┌─ INPUT DATA
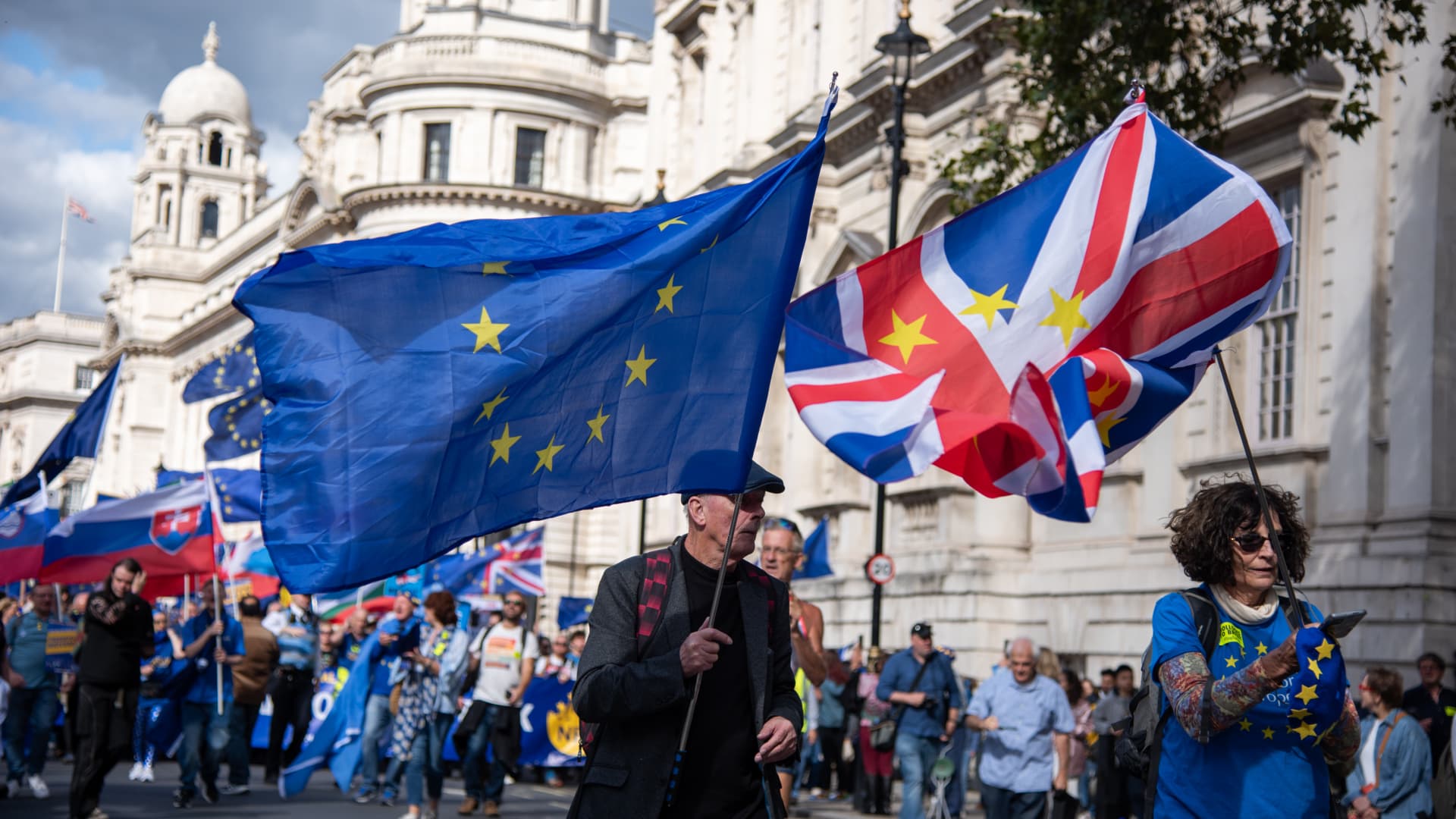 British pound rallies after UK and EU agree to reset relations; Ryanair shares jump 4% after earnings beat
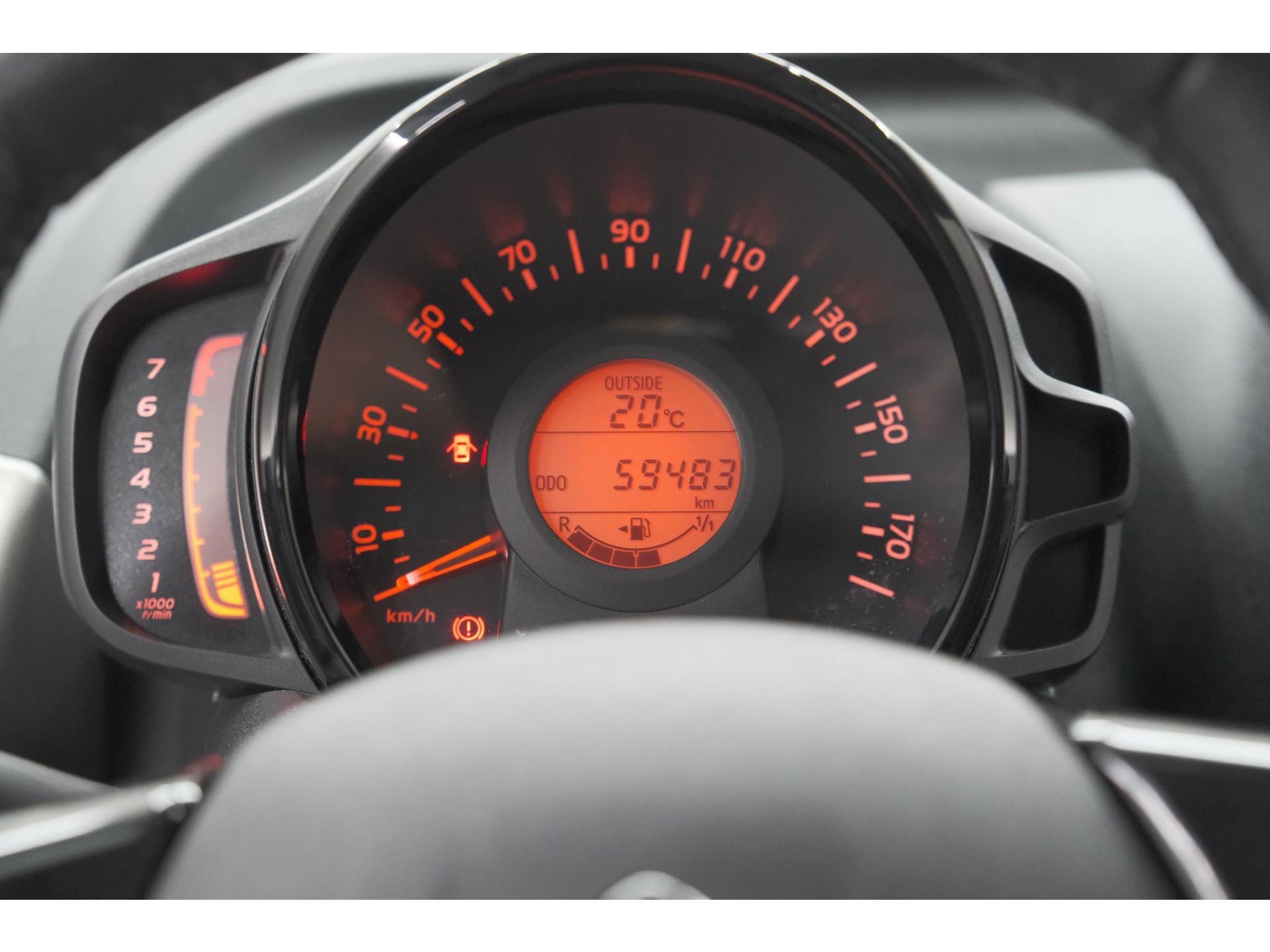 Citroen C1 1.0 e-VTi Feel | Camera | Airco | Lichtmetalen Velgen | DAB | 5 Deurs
└─
┌─ INPUT DATA
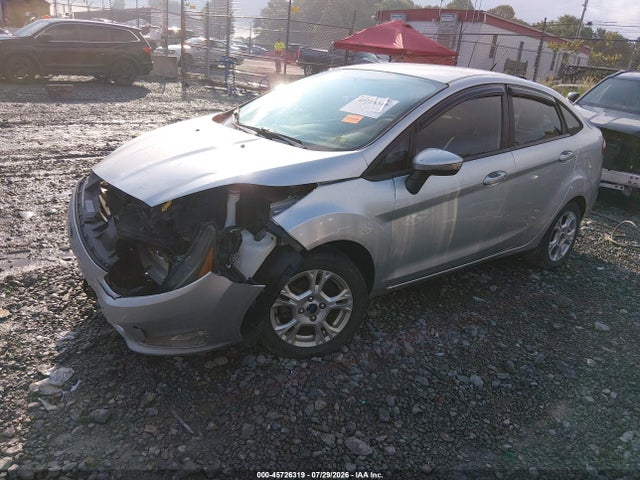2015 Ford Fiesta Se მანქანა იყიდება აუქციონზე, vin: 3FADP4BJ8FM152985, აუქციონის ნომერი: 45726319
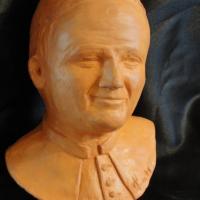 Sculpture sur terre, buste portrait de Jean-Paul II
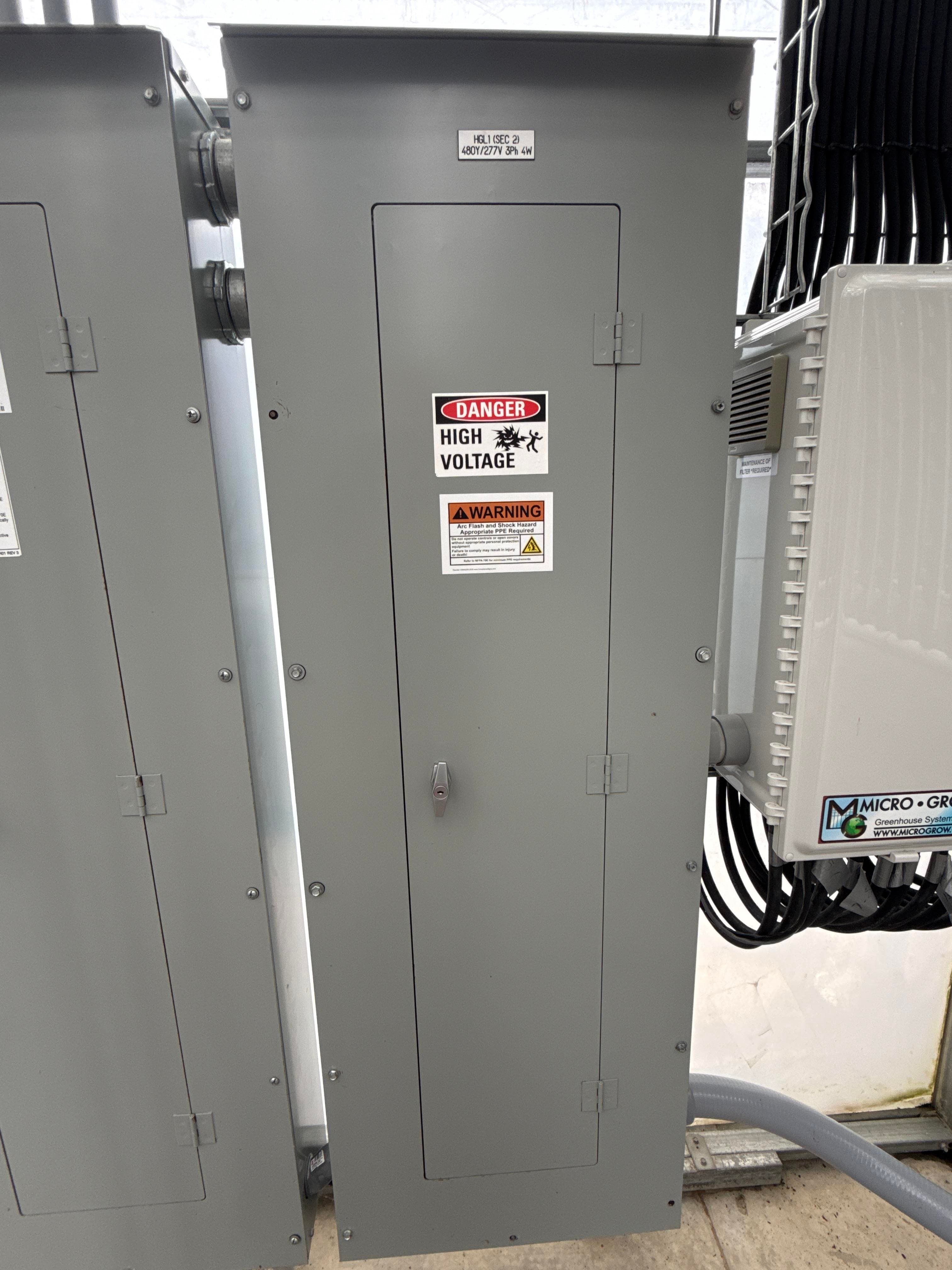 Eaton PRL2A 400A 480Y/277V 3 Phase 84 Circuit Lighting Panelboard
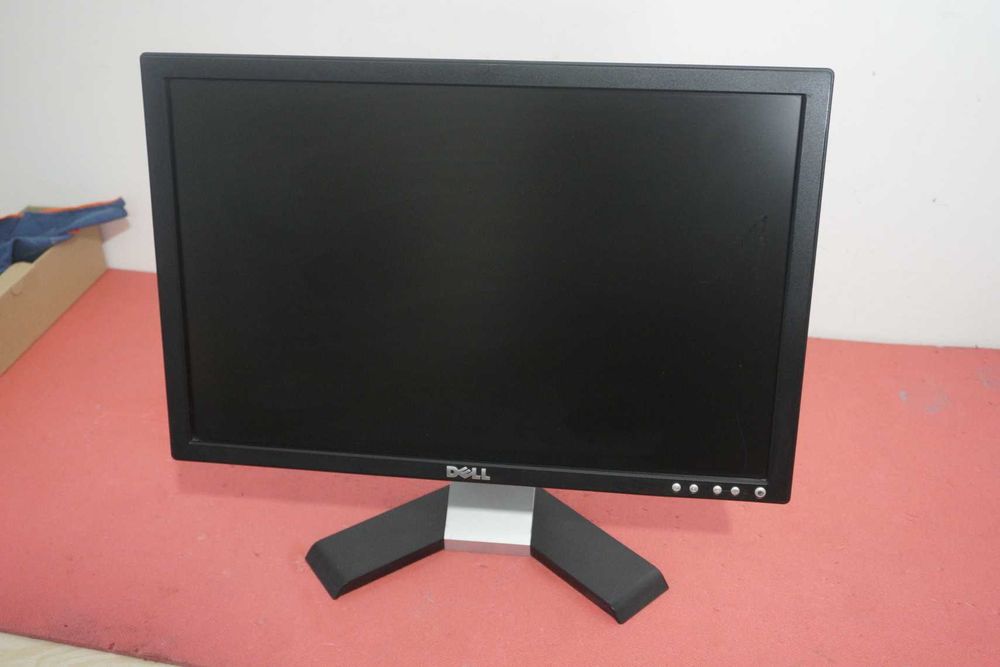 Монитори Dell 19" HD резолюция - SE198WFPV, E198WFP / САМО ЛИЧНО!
└─
The material above holds pictures; leave them out. Repeat exactly the lines from the one containing "2015 Ford Fiesta" through the one containing "E198WFP / САМО ЛИЧНО!", and nothing else.

■ **ANSWER TO THIS TASK**:
2015 Ford Fiesta Se მანქანა იყიდება აუქციონზე, vin: 3FADP4BJ8FM152985, აუქციონის ნომერი: 45726319
 Sculpture sur terre, buste portrait de Jean-Paul II
 Eaton PRL2A 400A 480Y/277V 3 Phase 84 Circuit Lighting Panelboard
 Монитори Dell 19" HD резолюция - SE198WFPV, E198WFP / САМО ЛИЧНО!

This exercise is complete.